- [EXERCISE]
Drop the pictures; give again exactly the lines from the one holding "Middle Ages Plate" through the end of the data.

━━━ SUPPLIED DATA

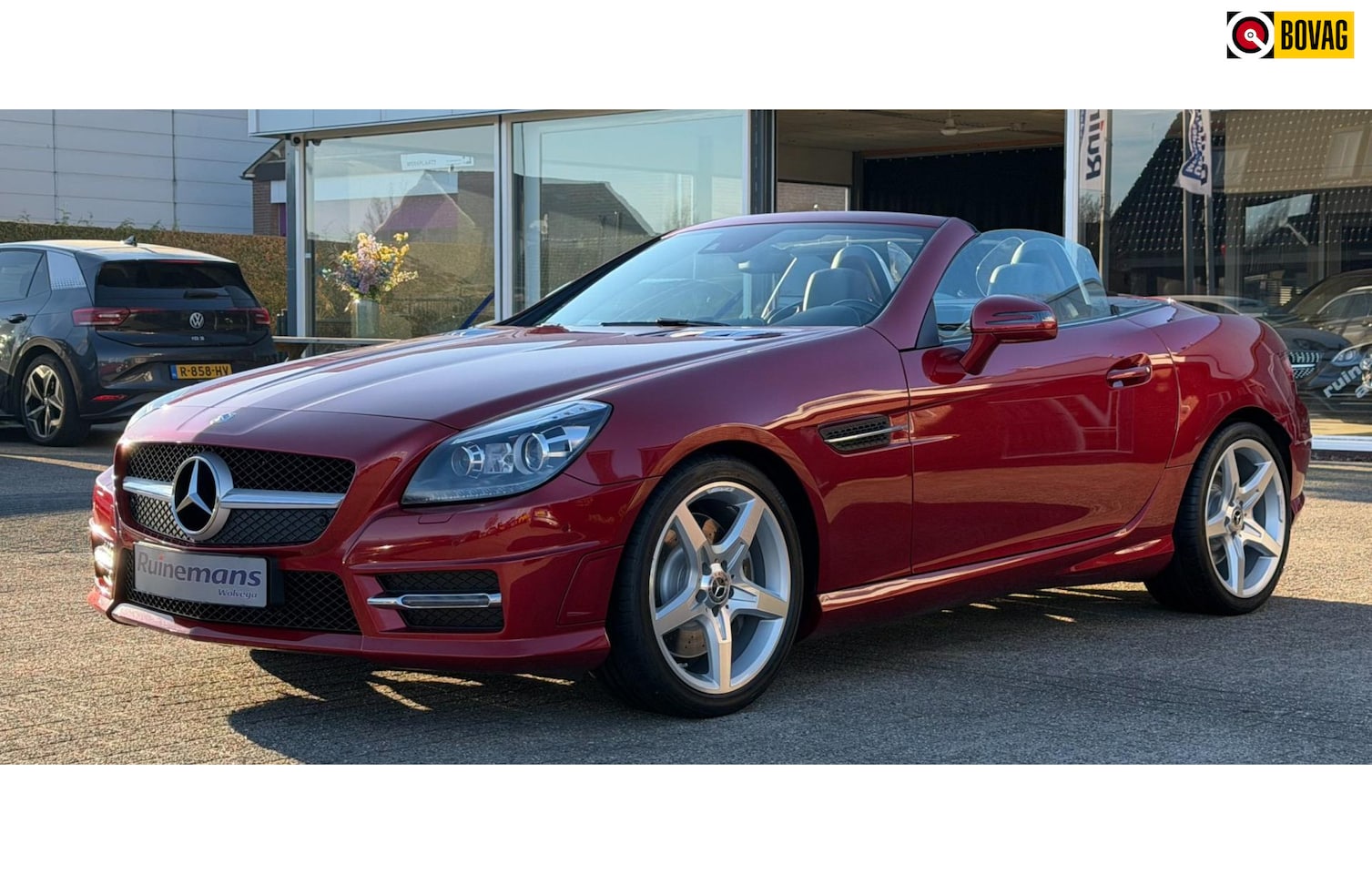 Mercedes-Benz SLK-klasse - 350 / AMG / MEMORY / HARMAN / ILS / 1E EIG ! - AutoWereld.nl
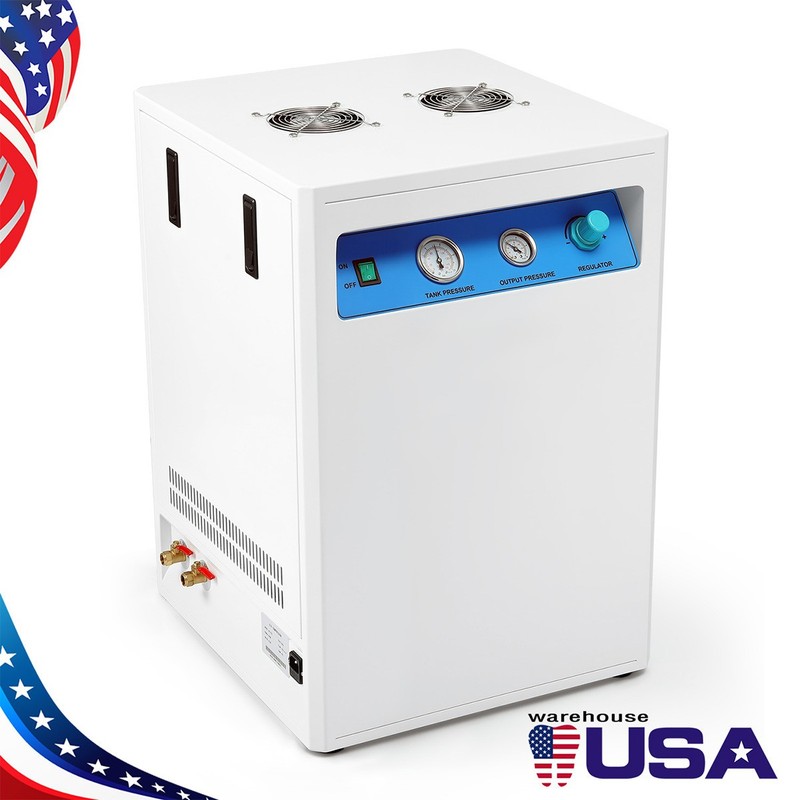 800W Mobile Silent Oil-Free Dental Air Compressor 40L for Dental Delivery/Chair gallery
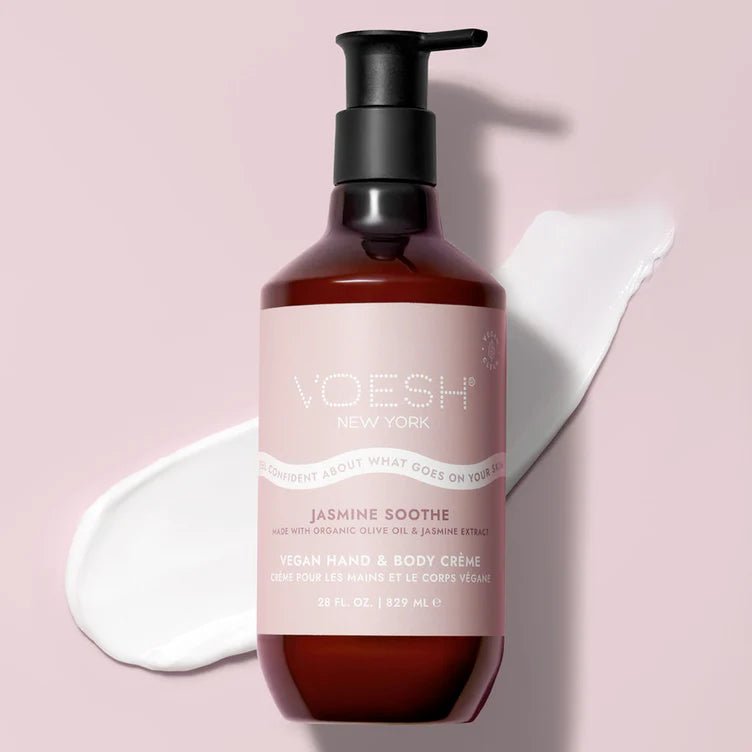 VOESH VEGAN BODY & HAND CREME 28 OZ - JASMINE SOOTHE - Purple Beauty Supplies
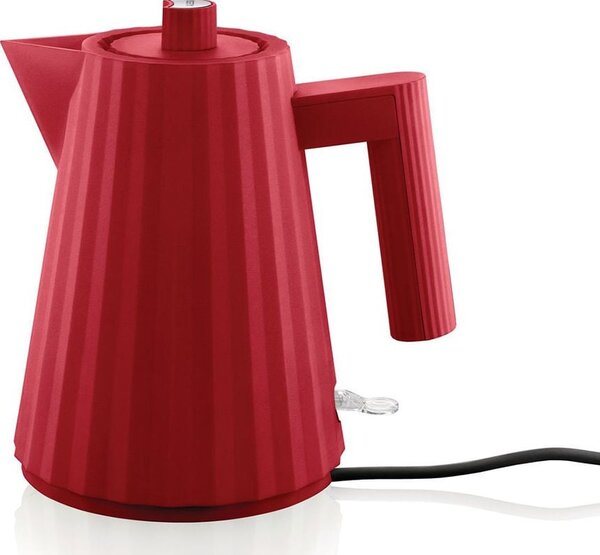 Alessi Plissé Electric Kettle Vízforraló - Red, 1 l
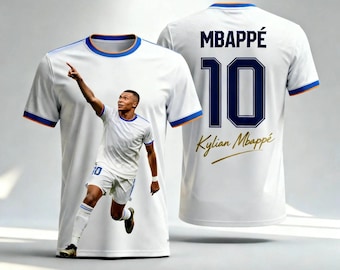 Maglia da calcio per bambini Mbappé 10 2026, ad asciugatura rapida, ideale come regalo sportivo.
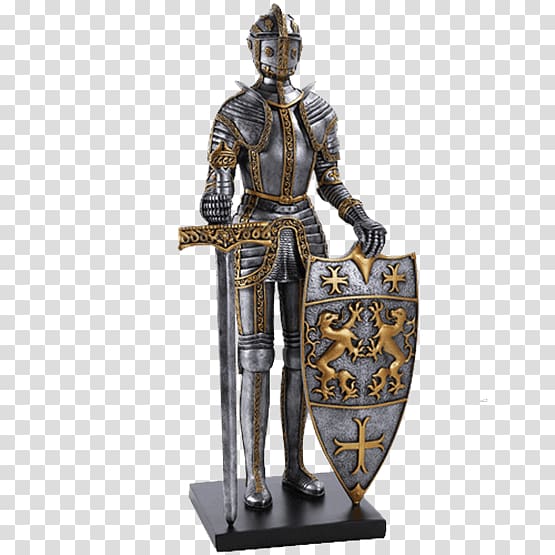 Middle Ages Plate armour Knight Components of medieval armour, lion shield transparent background PNG clipart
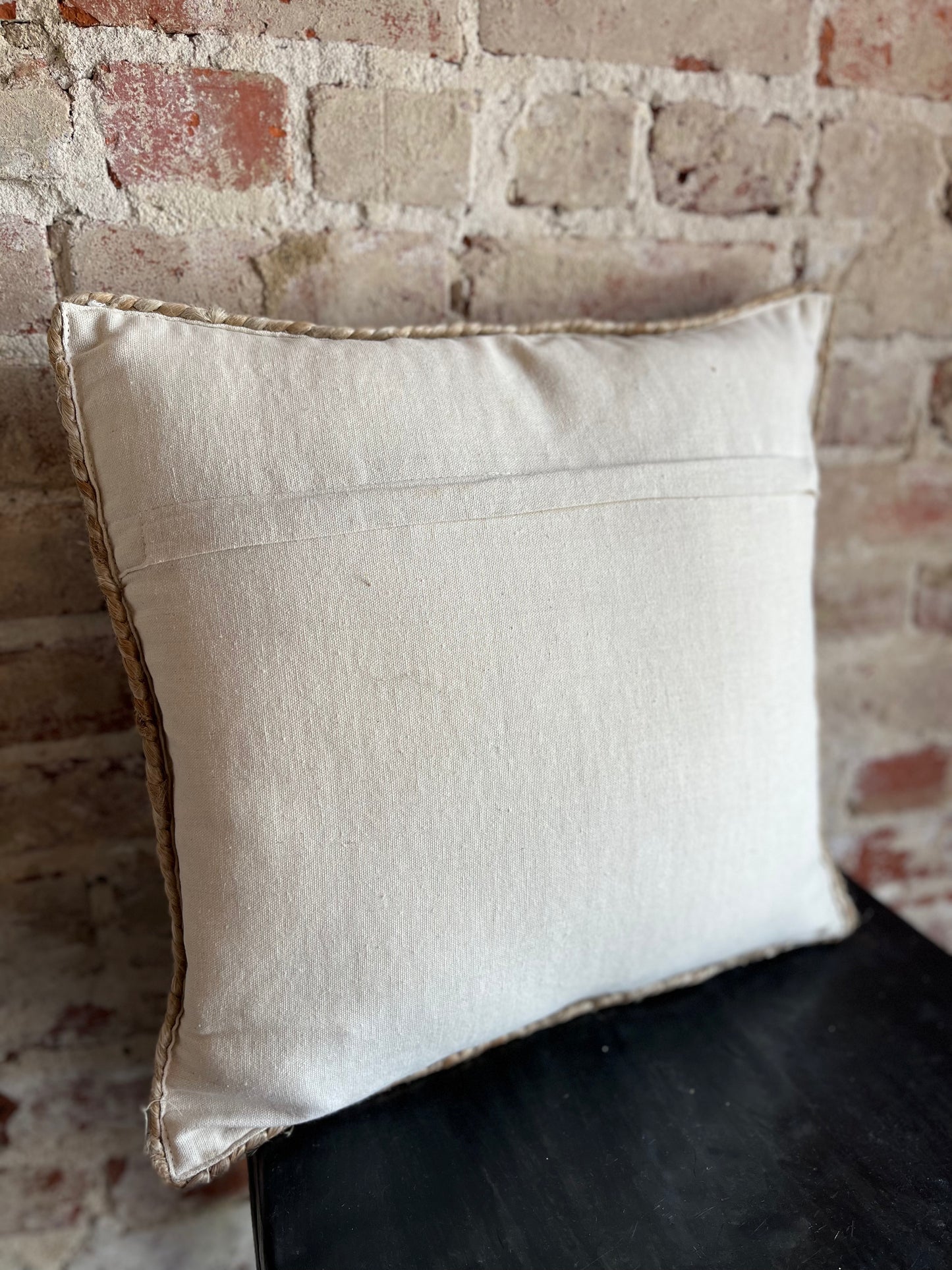 Hello Sunshine Jute Pillow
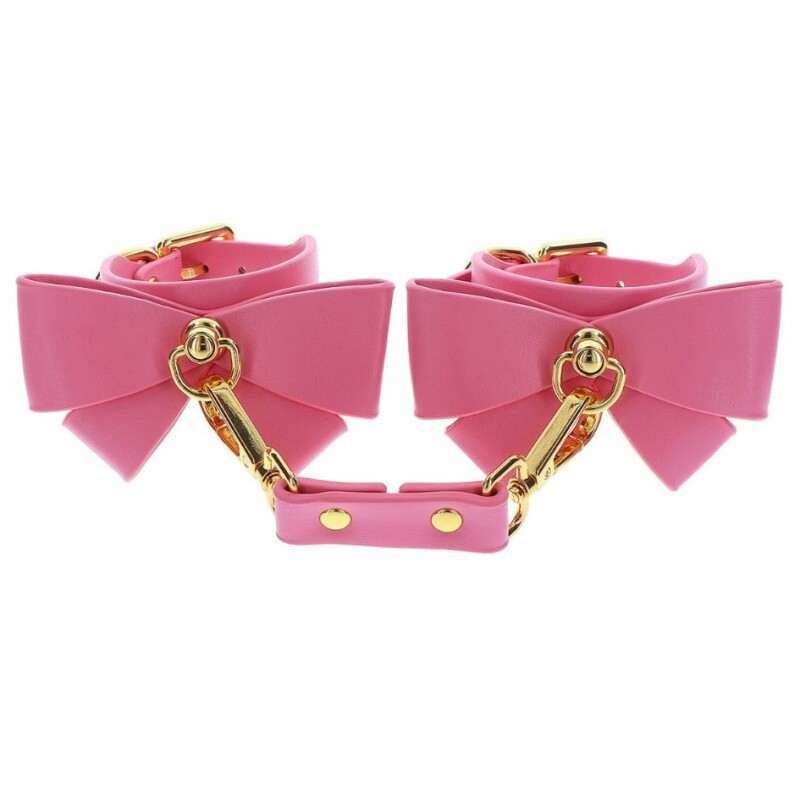 Поножі з бантиками Taboom Malibu Ankle Cuffs з веганської шкіри, рожеві - Изображение 3
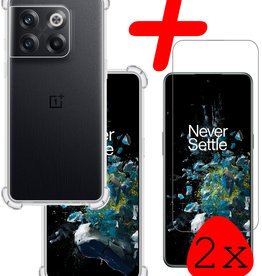 BASEY. BASEY. OnePlus 10T Hoesje Shockproof Met 2x Screenprotector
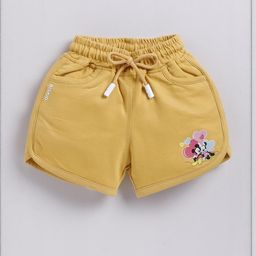 Biskid Gold Cotton Shorts-image-39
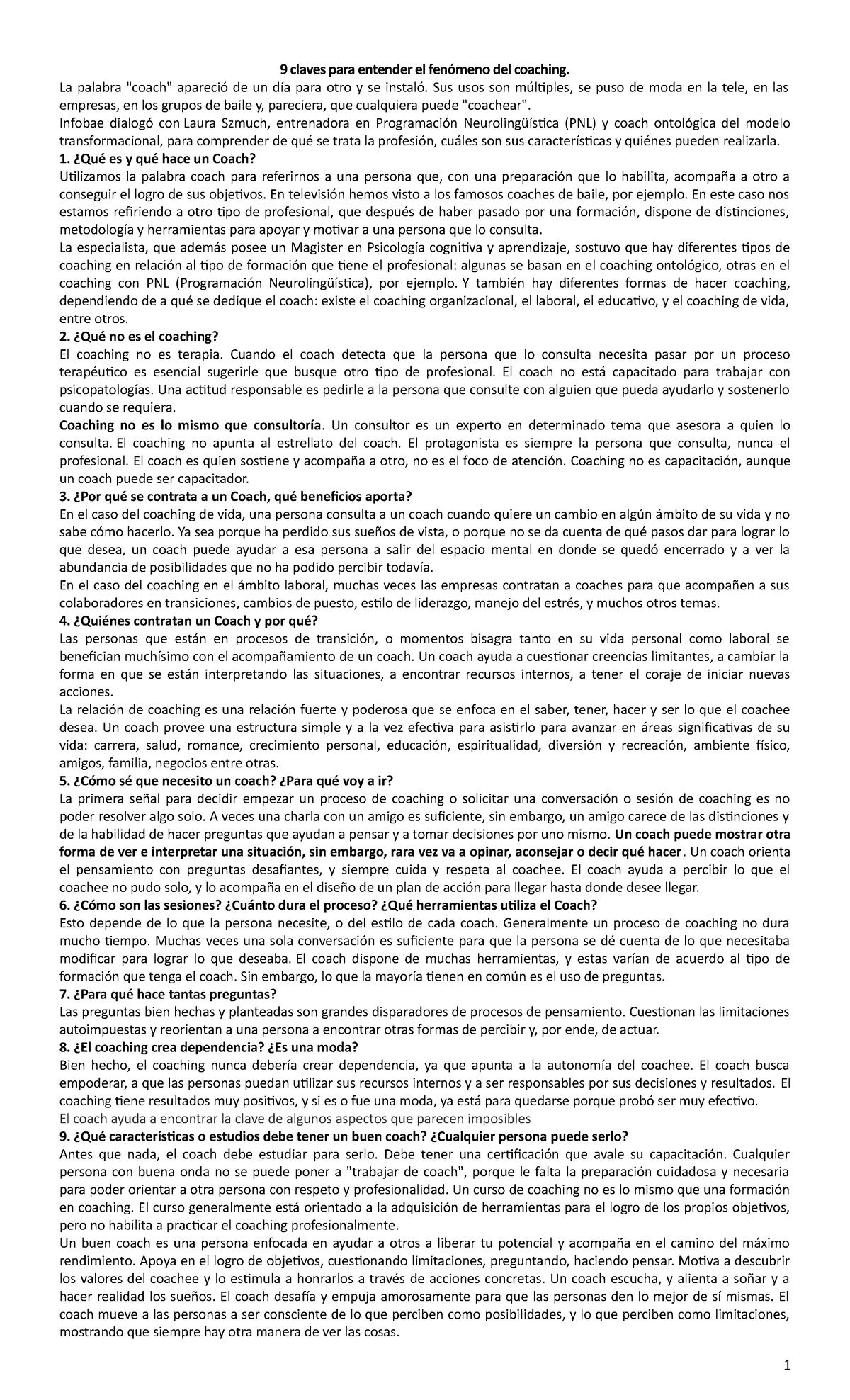 9 Claves Para Entender El Fenómeno Del Coaching Clase Coaching 9 Claves Para Entender El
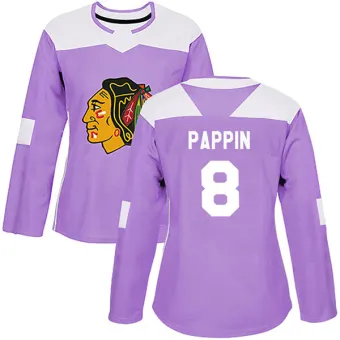 Women's Jim Pappin Chicago Blackhawks Fights Cancer Practice Jersey - Purple Authentic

━━━━━━

- [RESULT FOR THIS TASK]
 Middle Ages Plate armour Knight Components of medieval armour, lion shield transparent background PNG clipart
 Hello Sunshine Jute Pillow
 Поножі з бантиками Taboom Malibu Ankle Cuffs з веганської шкіри, рожеві - Изображение 3
 BASEY. BASEY. OnePlus 10T Hoesje Shockproof Met 2x Screenprotector
 Biskid Gold Cotton Shorts-image-39
 9 Claves Para Entender El Fenómeno Del Coaching Clase Coaching 9 Claves Para Entender El
 Women's Jim Pappin Chicago Blackhawks Fights Cancer Practice Jersey - Purple Authentic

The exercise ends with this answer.